Rock the Back of the House: Nashville Chefs Name Favorite Music To Cook To



It's been said that chefs are the new rock stars. Heck, there are even a number of former rock stars who've become chefs. (Check out this Saveur article on the topic, titled "Kitchen Punks.")

There are parallels between the chef and rock-star vocations: long hours, years of apprenticeship and often low pay. Changing “set lists” from night to night. Performing to the best of one's ability, whether the paid crowd that night is 30 or 300. Oh, and there's this: Chefs, like rock stars, seem to really love music.

“Yeah, we listen to music here in the restaurant,” says Josh Habiger of The Catbird Seat (pictured right with co-chef Erik Anderson, far right). “I think part of the experience here is that people [are in] our kitchen.

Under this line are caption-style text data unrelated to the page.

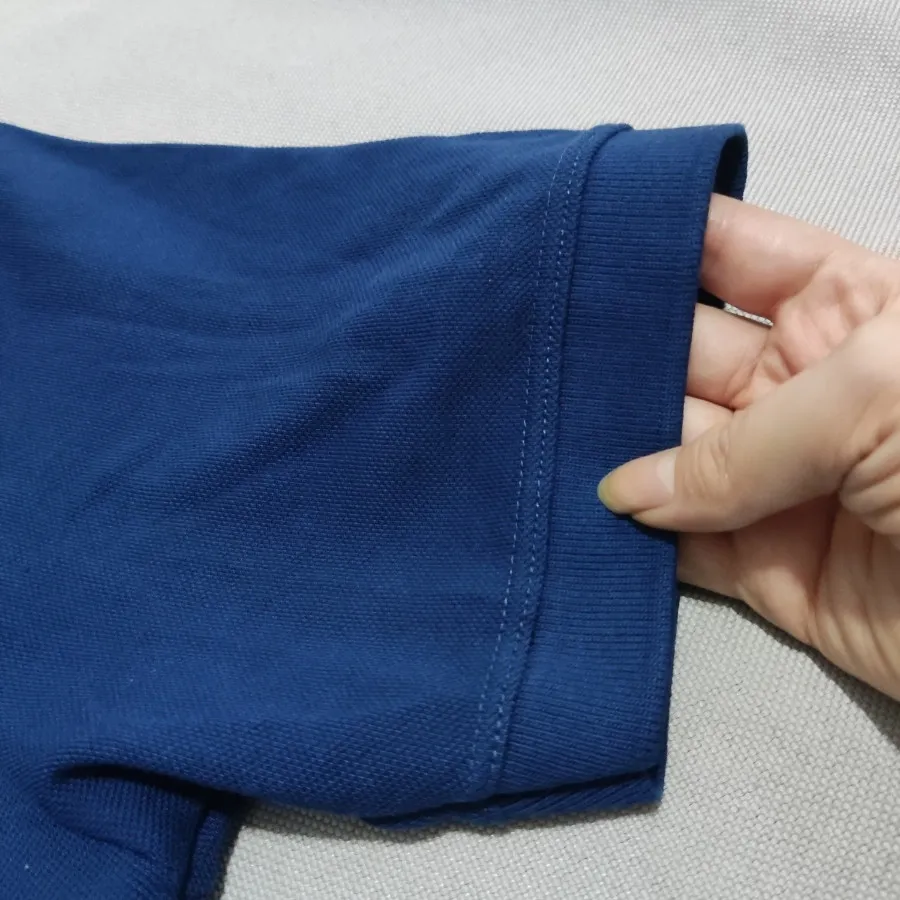 پولوشرت جودون وارداتی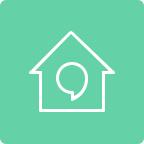 HomeTime安卓免费版 2.1.26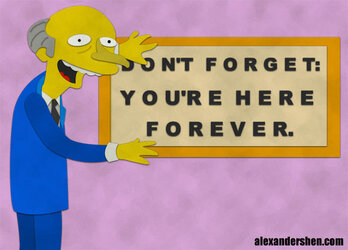 don_t_forget_you_re_here_forever_by_soks2626_d6g6shs-fullview-3272806800.jpg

We choose what they eat, what they drink, and what they hear. We definitely listen to the music a lot louder before we open. The content is not always noisier, though.

“For service, we put together playlists that are intended to correspond with the pace of the room at the time, so generally we start off with some quieter stuff: Americana, Tom Waits, Vic Chesnutt, Will Oldham. And then we move into louder and faster stuff. The busier part of the night will get to Fugazi, The Minutemen, The Pixies, The Hold Steady, and such. Then we sort of wind back to mellower things like Andrew Bird and Tortoise," Habiger adds.

“I think I have listened to music in every kitchen I've worked in except Bouchon in Napa,” says Ashley Quick, formerly of Flyte, who now works in the kitchen at the Capitol Grille. “At the Fat Duck we had one radio for two kitchens. The first person in would have to steal the radio for the day's tunes.

“During prep it doesn't really matter how fast or heavy the tunes are, it just depends on the mood of the staff," Quick says. "Sometimes really frantic music will make you not be able to concentrate or feel like you are going to freak out.”

Quick says he's into “everything from heavy Southern metal bands like Weedeater to Prince. I also like the Buena Vista Social Club and Miles Davis in the fall and winter. Anything from the '90s is good. Jawbreaker, Cracker, The Supersuckers, The Melvins ...”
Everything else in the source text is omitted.